- WE'RE JUST RANDOM SPECKS OF DUST IN A TORNADO TO THE MARKETS .......
- CHARTISTS MUST PUT ALL BIAS ASIDE AND LET THE CHARTS DO THE TALKING OR WE'LL SEE ONLY WHAT WE WANT TO SEE
- This blog has a copy of all header posts that I publish anywhere, so that those interested in seeing what my thoughts are on the markets can find them easily.
- I will be answering questions and responding to comments, so feel free to respond to any posts and I will see your comment even if it is not on the most recent post.
- If you're interested in seeing any intraday charts I post, I do that on twitter, and my twitter handle is @shjackcharts.
- The charts in the posts are as large as I can practically make them. if you would like to look at one more closely, click on it, and the link will take you to a larger version at screencast. If you click on that again, you will get a full page version, and can use the resizing function on your browser to enlarge parts of interest further.
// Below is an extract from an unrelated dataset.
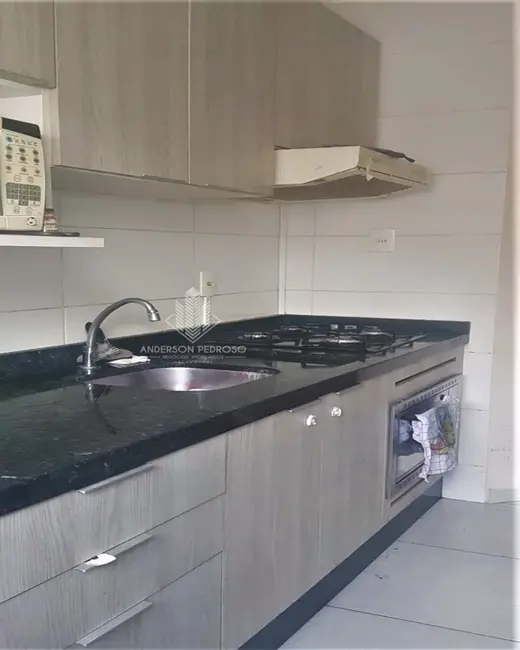 Foto 1 de Apartamento com 2 quartos à venda, 59m2 em Nova Palhoça, Palhoca - SC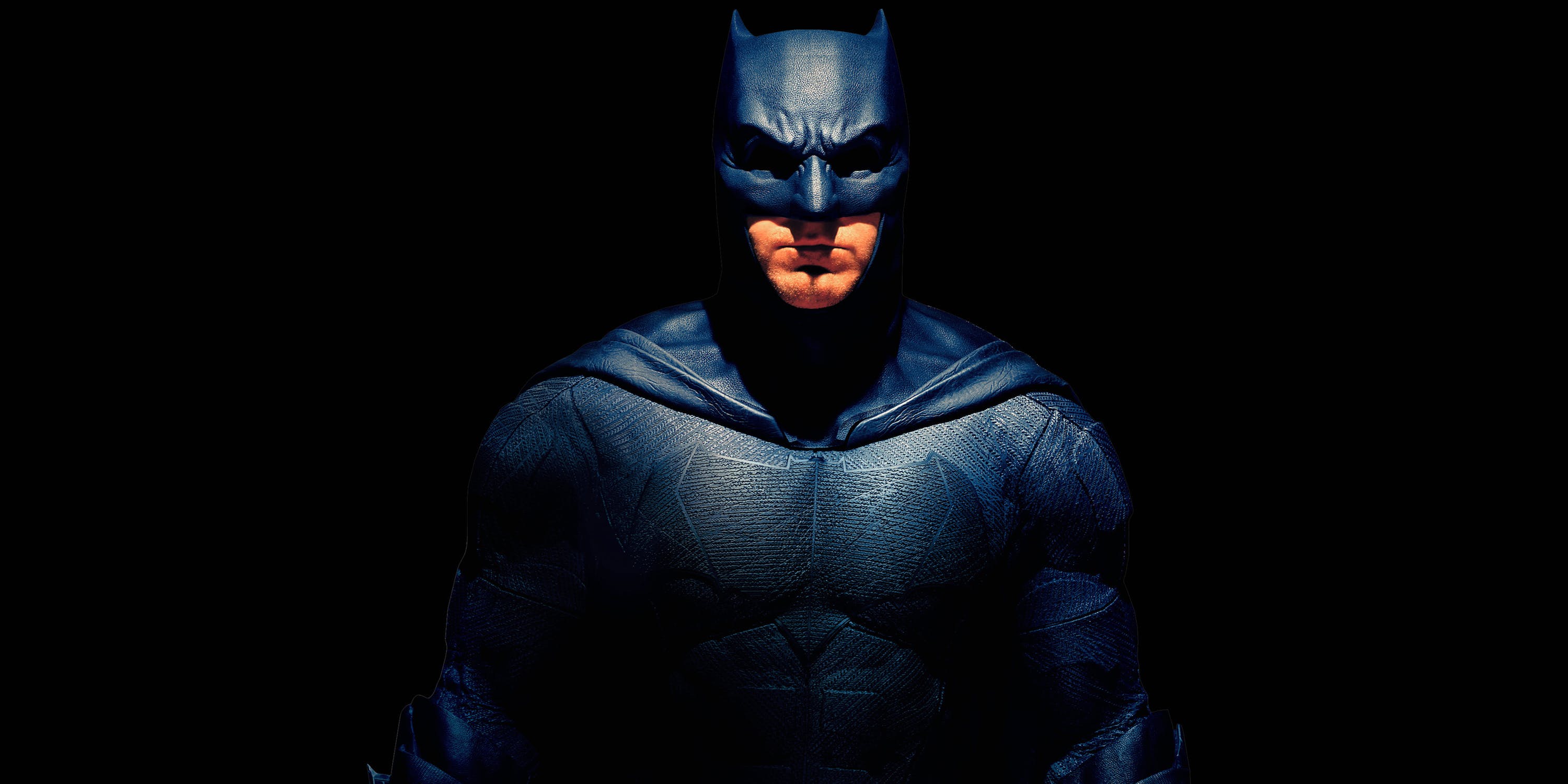batman justice league poster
Thursday, 1 September 2011

Another Crossroads


With ES testing 1200 at the time of writing we are seeing the first significant pullback since the low last Friday, and looking at a number of charts here this might be a turning point of real significance. On SPX we now have a perfect rising channel from the August lows, which would make a break in either direction more significant, but also delivers a potential downside target in the 1140 area, which would retrace almost all of the gains since the low last Friday. I have some potential support at a broken declining resistance trendline in the 1190 area:
There are two charts in particular which are suggesting that we might see a very significant retracement here, and the first (weaker) chart is on EURUSD, where a sloppy triangle has formed in recent weeks. The upper trendline of the triangle is choppy, but the rising support trendline is solid, and the support break has me looking for a test of the main rising support trendline from the 2010 low at just under 1.40. The correlation with equities hasn't been very strong in recent weeks, but for what it's worth that would look bearish for equities:
The more interesting thing to watch however is the perfect rectangle that has formed on the ZB (30yr treaury futures) 60min chart. Under the circumstances this would be a rectangle bottom, with a 55% chance of breaking down, but these patterns are very high probability performers on a break up, and there would then be an 85% probability of making the rectangle target at 141'20, which would be a new high, and that would be very bearish for equities. ZB is testing rectangle resistance at the moment, and if ZB breaks up tomorrow, then I would expect SPX to break likely support in the 1190 area.  If ZB retreats towards the bottom of the rectangle tomorrow however, then support in the 1190 area will most likely hold, and we might well then see another test of the upper trendline on the main SPX rising channel:
The other chart I'll be watching is the NDX chart, though the targets don't fit well with the SPX chart unless NDX falls far harder than SPX, which hasn't been the case so far. On NDX I'm looking at the open gap from Monday's gap up, and below that what should be strong support at broken declining resistance in the 2145 area. Any lower than that would suggest another test of the lows:
I'm leaning bearish here, but I'll be watching the ZB chart for confirmation. A break towards new highs on bonds here would look very bearish for equities.